QUESTION: I find this forum to be incredibly useful. I think it's really interesting, because I wouldn't use it the way you use it; but I would use it. I would modify this and use it to evaluate individual tapes in our collection, and I would tag all those tapes with a modified version of this. What I see that is really important is that it is a terrific way of translating, a sense of values- and information -about a specific tape to a younger generation of workers. In some cases, they don't know the value of the individual piece and in a lot of cases; they don't even know who the artist is. So if all this could be tagged and evaluated, with a prioritized list - then that can be carried through time for a group of people who don't actually understand the importance of the original material.
STAUDERMAN: I remember you said yesterday that you also had to change or mix into some of your grant proposals some things you knew were important, but that you didn't feel contemporary grant reviewers would understand as important. The thing that something like this tool does for you is it says “we have a legitimate system of going through our collections and determining for ourselves what's important. You don't need to know who these artists are; we've documented why they're important. This is our legitimate system of review.” Then you don't have to worry about whether or not they've heard of your most important artist from that generation doing whatever they're doing. That is something that might be useful.
DARA MEYERS-KINGSLEY: What about adding the issue of appropriate storage conditions to this form? In other words, where are the materials presently stored, and once you've made copies, will they be appropriately stored? I would assume that becomes a risk, or physical condition part of the survey.
STAUDERMAN: Well, this is where this needs a narrative, you know?
QUESTION: Is the collection catalogued?
PIP LAURENSON: I love this way of thinking about it. I think what conservation adds at this point is that we have this obsession about risk assessment, which is giving us a way of thinking about that which we should really worry, and how we should direct our anxiety. This is what conservators do, they worry a lot.

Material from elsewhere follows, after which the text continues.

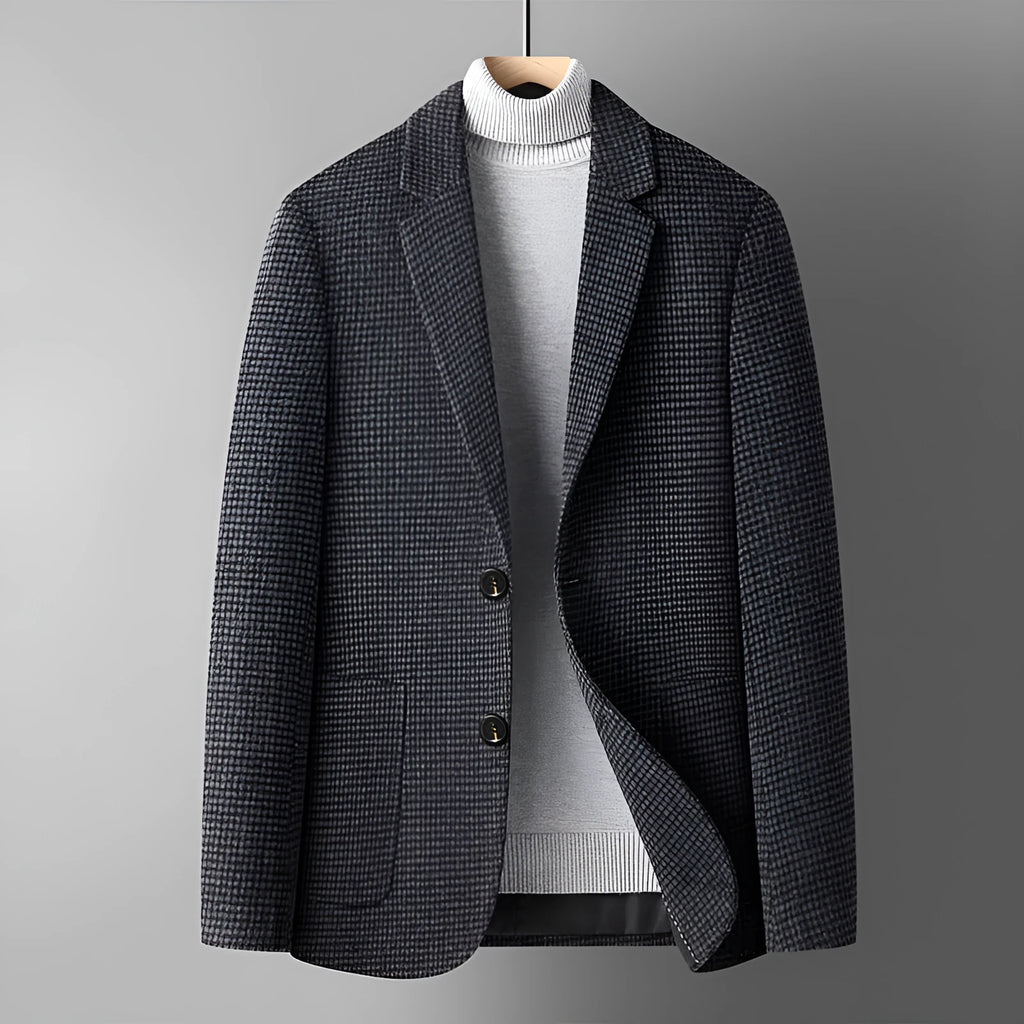 Men's slim fit grey wool suit jacket for autumn winter wear.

One of the things that I would like to see come out of this meeting is that we take Sarah's form and think about what the areas are that we need to enhance to get more accurate assessments. One thought I had was we need to better understand what sort of failures we have in playback. Quite often we have something categorically different between digital failures in playback from the analog formats. We've got different types of failure going on, which involves different notions of risk. We have points where error correction mechanisms hit a peak, and the sort of creativity involved in getting those back is different from cleaning a tape that's got sticky shed. That was one thought in terms of trying to determine where the research needs to go, so we can make some assessments there, and with the storage issue and the nature of risks with different formats.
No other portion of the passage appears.